Entries taken from a collection –

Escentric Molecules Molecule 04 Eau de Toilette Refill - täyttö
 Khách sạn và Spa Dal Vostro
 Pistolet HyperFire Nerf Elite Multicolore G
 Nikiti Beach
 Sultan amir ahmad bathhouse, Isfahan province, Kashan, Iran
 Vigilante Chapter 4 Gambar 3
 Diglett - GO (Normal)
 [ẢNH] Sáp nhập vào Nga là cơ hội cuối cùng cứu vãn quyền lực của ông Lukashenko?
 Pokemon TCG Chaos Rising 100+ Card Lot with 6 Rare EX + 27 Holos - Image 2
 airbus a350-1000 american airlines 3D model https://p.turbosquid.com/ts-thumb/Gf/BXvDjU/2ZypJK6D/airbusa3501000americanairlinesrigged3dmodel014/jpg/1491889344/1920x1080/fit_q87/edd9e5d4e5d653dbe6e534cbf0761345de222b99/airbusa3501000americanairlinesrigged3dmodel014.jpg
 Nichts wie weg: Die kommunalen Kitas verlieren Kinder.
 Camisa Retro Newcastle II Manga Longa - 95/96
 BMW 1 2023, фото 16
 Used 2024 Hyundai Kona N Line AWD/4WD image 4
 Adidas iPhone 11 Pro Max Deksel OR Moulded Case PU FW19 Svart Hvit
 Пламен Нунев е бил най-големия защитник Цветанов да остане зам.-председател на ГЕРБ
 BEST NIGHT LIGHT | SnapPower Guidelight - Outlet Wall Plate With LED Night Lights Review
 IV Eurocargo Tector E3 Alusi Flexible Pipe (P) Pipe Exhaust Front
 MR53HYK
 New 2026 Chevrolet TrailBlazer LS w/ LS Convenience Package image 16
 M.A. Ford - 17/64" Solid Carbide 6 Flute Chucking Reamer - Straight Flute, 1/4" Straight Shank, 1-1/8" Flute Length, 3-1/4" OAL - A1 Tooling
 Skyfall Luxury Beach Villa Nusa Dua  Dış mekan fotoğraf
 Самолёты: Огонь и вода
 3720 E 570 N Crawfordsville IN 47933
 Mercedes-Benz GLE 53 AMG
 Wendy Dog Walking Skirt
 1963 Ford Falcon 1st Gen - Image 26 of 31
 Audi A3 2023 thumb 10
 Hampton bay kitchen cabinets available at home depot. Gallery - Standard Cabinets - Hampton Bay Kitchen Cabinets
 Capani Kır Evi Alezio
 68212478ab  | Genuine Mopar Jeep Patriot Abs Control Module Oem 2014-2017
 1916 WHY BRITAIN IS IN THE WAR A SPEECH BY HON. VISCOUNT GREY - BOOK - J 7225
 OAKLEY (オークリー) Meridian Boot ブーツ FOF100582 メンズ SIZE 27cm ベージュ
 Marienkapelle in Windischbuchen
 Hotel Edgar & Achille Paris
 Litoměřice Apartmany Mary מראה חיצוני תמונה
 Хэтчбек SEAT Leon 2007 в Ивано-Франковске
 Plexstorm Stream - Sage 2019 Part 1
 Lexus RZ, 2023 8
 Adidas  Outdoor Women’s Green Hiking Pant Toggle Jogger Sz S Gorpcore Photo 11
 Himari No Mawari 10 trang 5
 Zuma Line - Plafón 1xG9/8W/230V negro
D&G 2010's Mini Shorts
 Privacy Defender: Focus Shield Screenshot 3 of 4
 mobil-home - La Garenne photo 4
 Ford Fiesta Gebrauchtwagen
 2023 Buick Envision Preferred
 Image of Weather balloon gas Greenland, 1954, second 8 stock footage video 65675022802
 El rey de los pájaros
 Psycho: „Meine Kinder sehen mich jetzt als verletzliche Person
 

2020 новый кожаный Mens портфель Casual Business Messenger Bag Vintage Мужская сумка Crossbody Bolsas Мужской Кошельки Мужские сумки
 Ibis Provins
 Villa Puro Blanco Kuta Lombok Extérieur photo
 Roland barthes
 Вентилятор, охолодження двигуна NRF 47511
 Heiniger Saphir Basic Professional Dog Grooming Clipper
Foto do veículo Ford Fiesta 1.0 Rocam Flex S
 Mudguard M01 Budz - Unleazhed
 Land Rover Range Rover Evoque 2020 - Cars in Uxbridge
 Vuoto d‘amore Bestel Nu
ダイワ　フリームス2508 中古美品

Goal of the exercise –
Where in the entries above does the word "Villa" appear? Copy each line that has it.

Solution to this exercise –
 Skyfall Luxury Beach Villa Nusa Dua  Dış mekan fotoğraf
 Villa Puro Blanco Kuta Lombok Extérieur photo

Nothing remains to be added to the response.